Leave the pictures out and write out exactly the lines from the top of the entries through the line containing "MIXED BERRY OATEMEAL IN PAN ON TABLE.".

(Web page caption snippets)
++++++
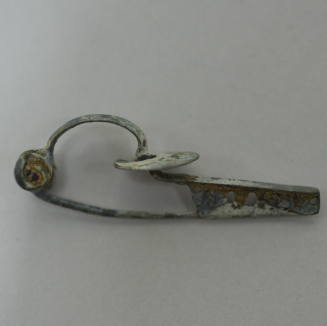 Fibula with six spiral spring, bow and tongue of flattened bronze, flat disc threaded on bow and catch with two perforations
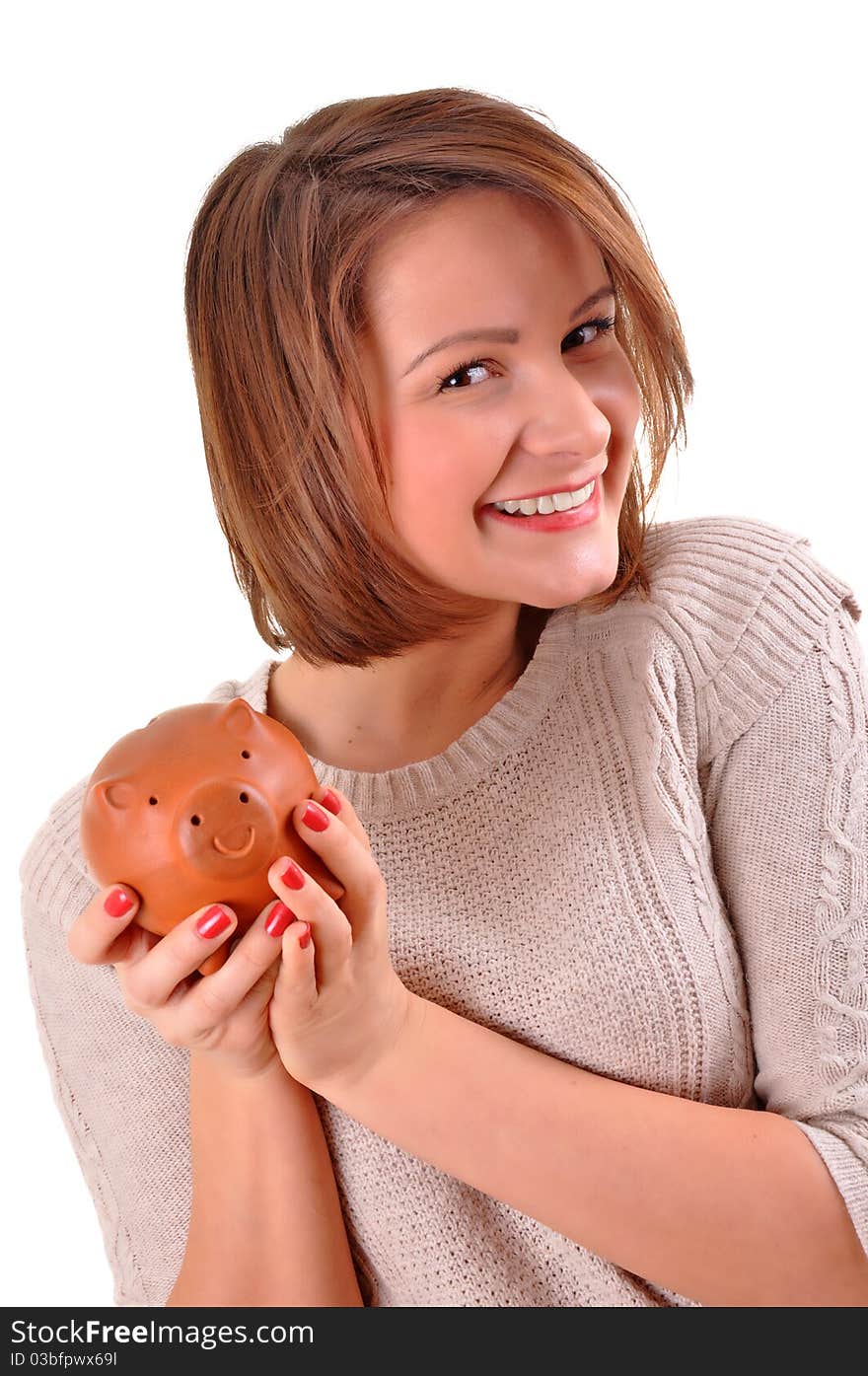 Smiling female holding piggy-bank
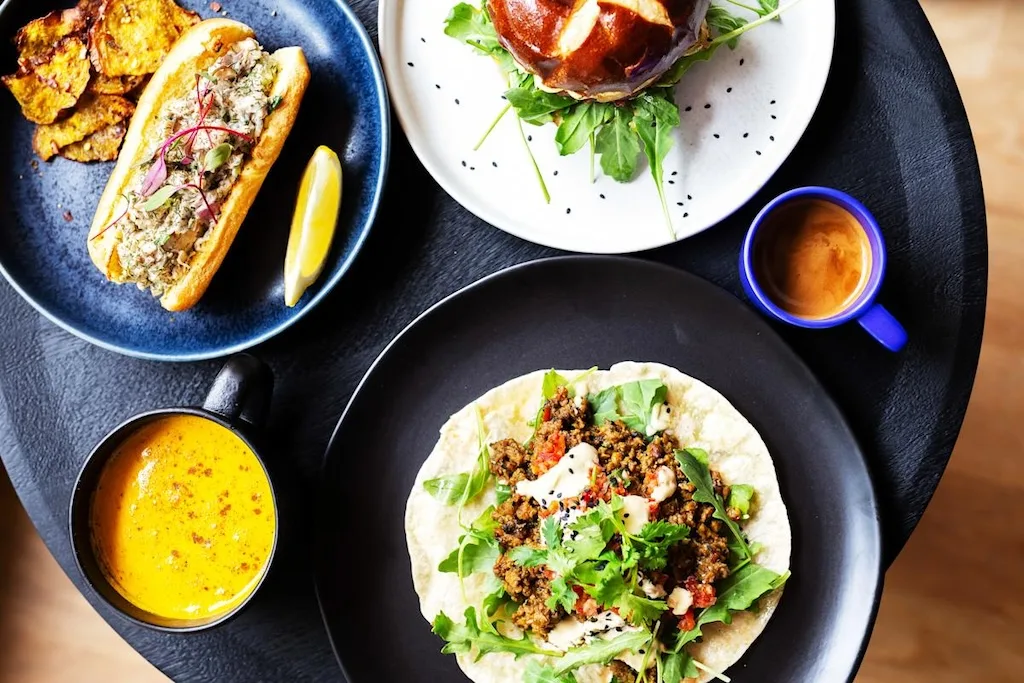 Four plates of plant-based Caribbean food seen from above.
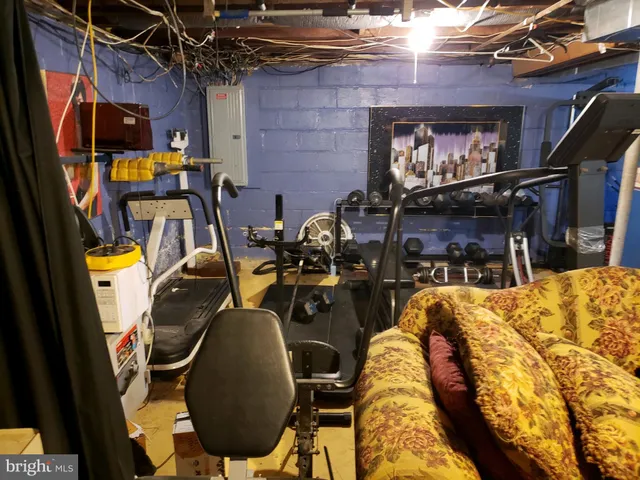 a view of a patio with table and chairs potted plants with wooden floor and fence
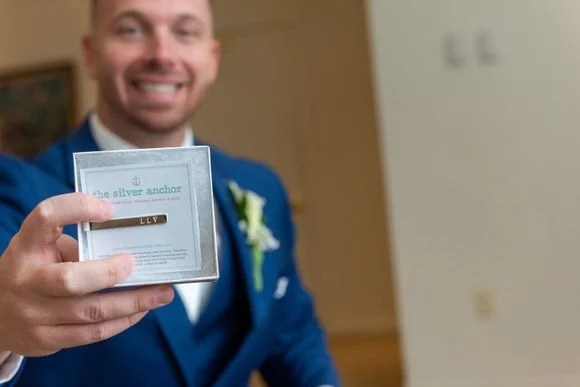 Groom smiling and holding a wedding gift for the bride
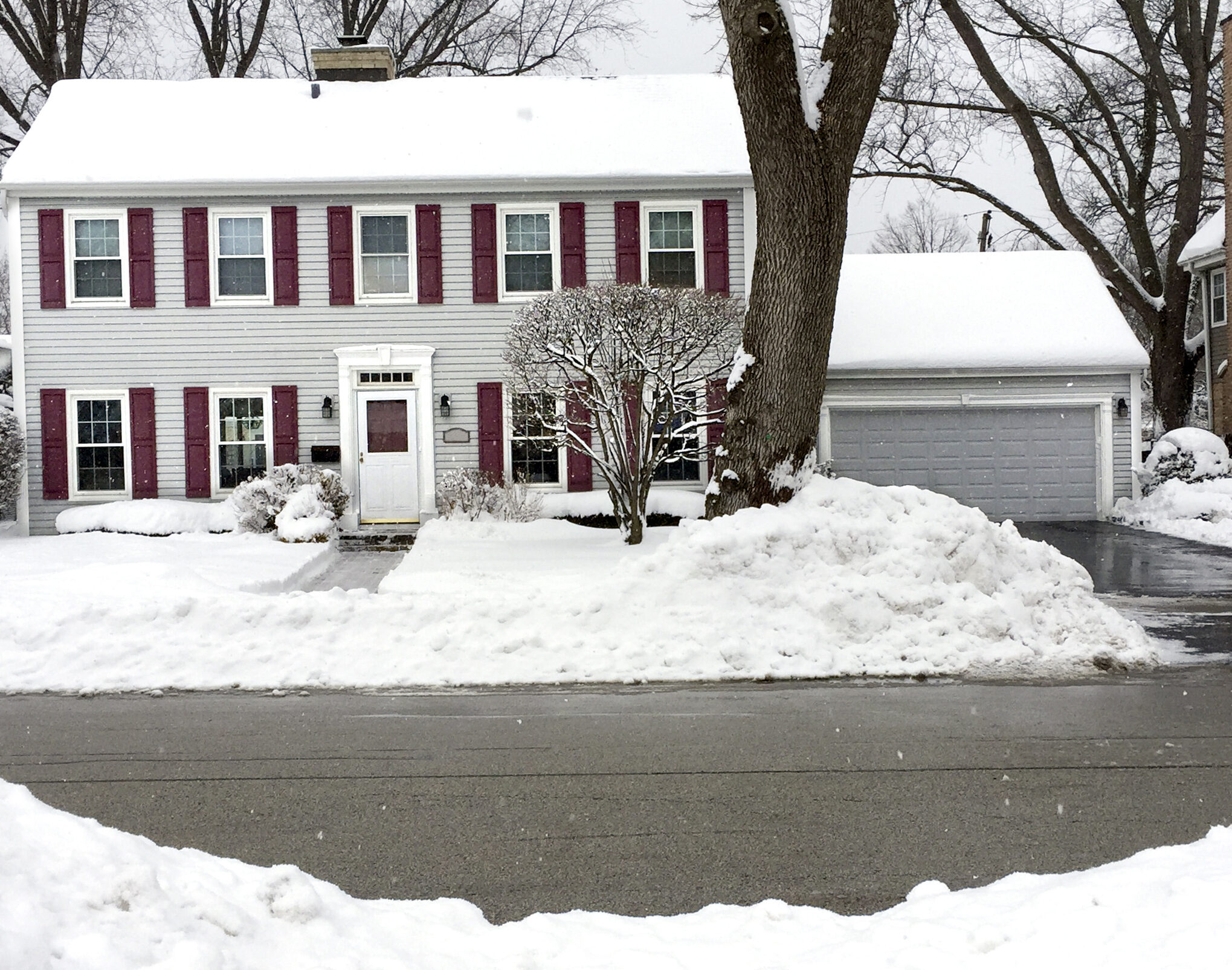 A snow-covered suburban house with red shutters, surrounded by trees and a driveway. Snow blankets the yard and street.
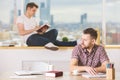 Handsome guys reading book and doing paperwork Royalty Free Stock Photo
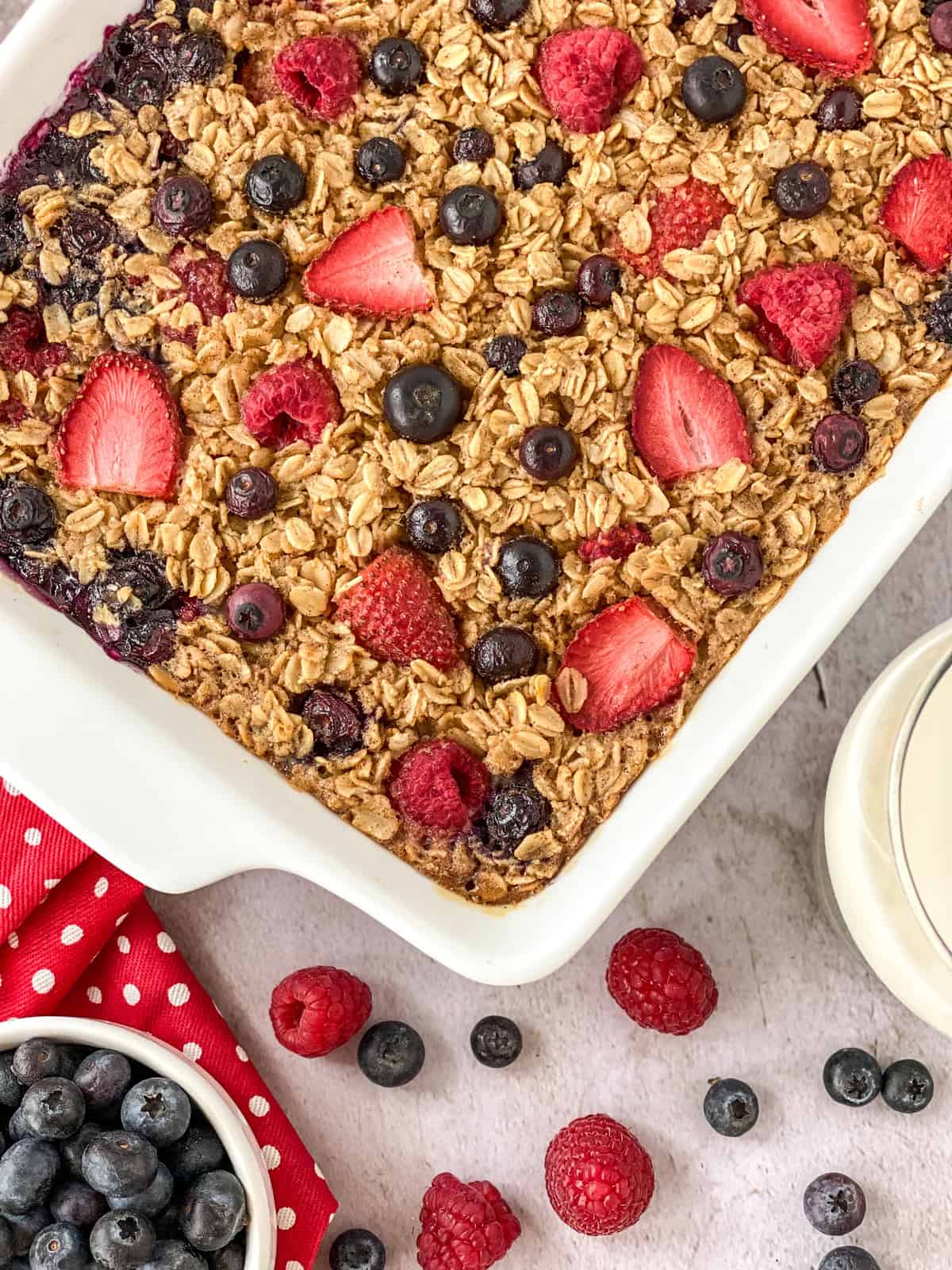 MIXED BERRY OATEMEAL IN PAN ON TABLE.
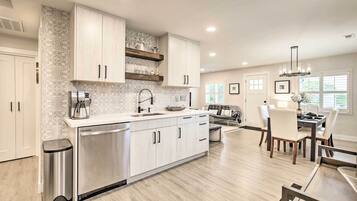 A modern kitchen with white cabinetry, a stainless steel dishwasher, and a dining area with a table and chairs.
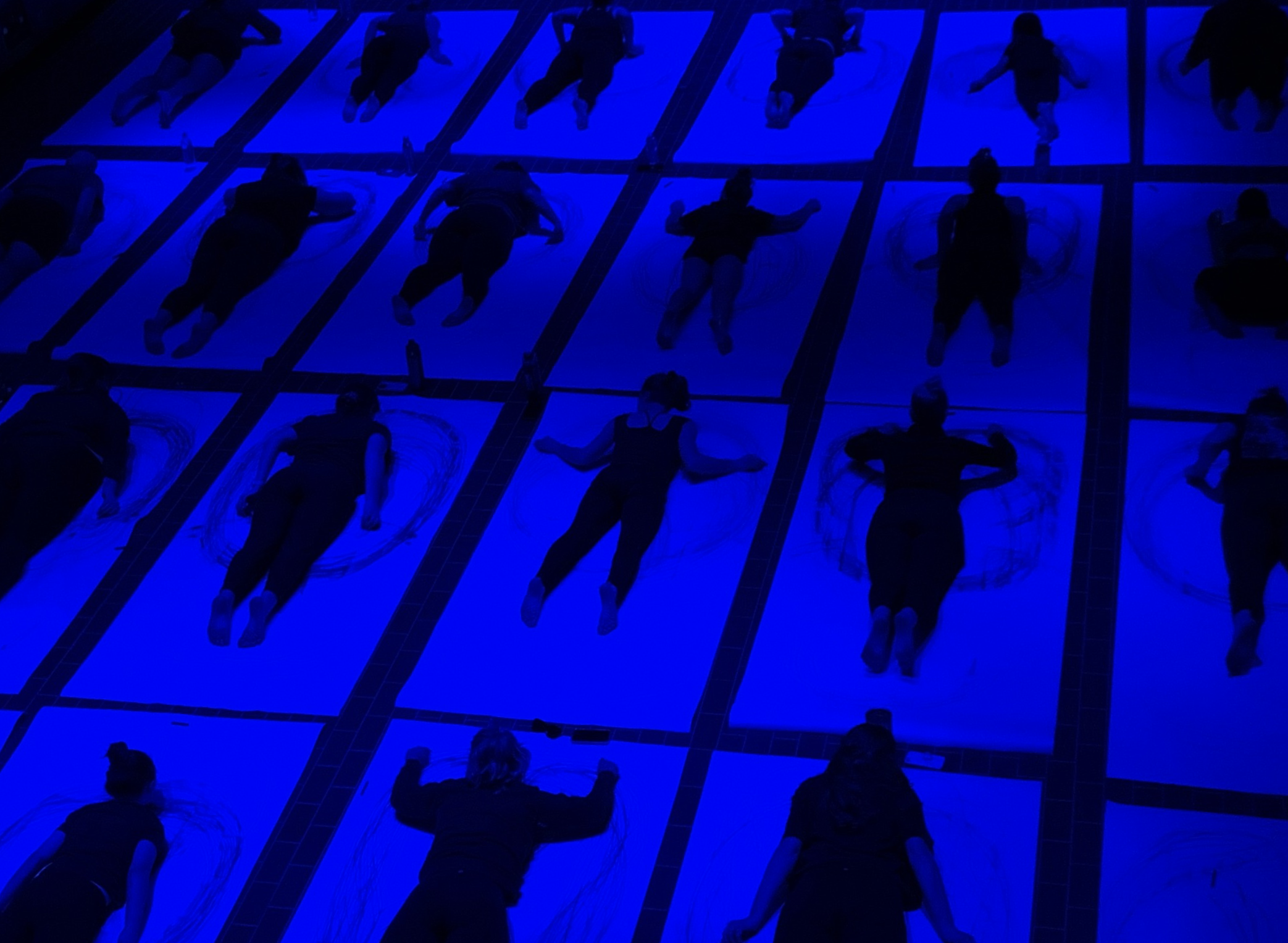 People lying on large paper sheets in rows, illuminated by blue light.
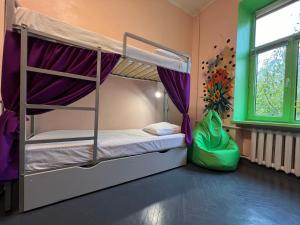 Postelja oz. postelje v sobi nastanitve Amely Hostel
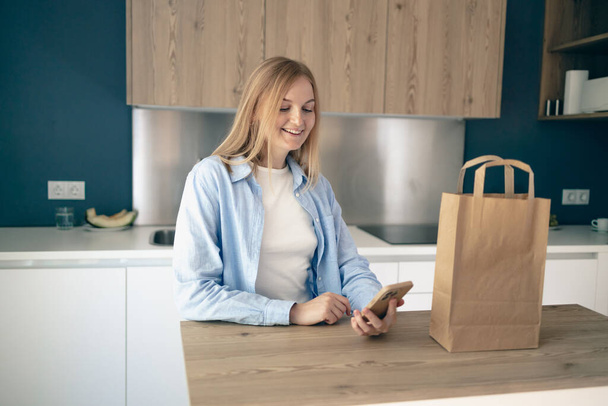 Young lady unpacking paper bag after shopping using smartphone in kitchen interior at home, copy space. - Photo, Image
++++++
▶ [WORKED SOLUTION]
 Fibula with six spiral spring, bow and tongue of flattened bronze, flat disc threaded on bow and catch with two perforations
 Smiling female holding piggy-bank
 Four plates of plant-based Caribbean food seen from above.
 a view of a patio with table and chairs potted plants with wooden floor and fence
 Groom smiling and holding a wedding gift for the bride
 A snow-covered suburban house with red shutters, surrounded by trees and a driveway. Snow blankets the yard and street.
 Handsome guys reading book and doing paperwork Royalty Free Stock Photo
 MIXED BERRY OATEMEAL IN PAN ON TABLE.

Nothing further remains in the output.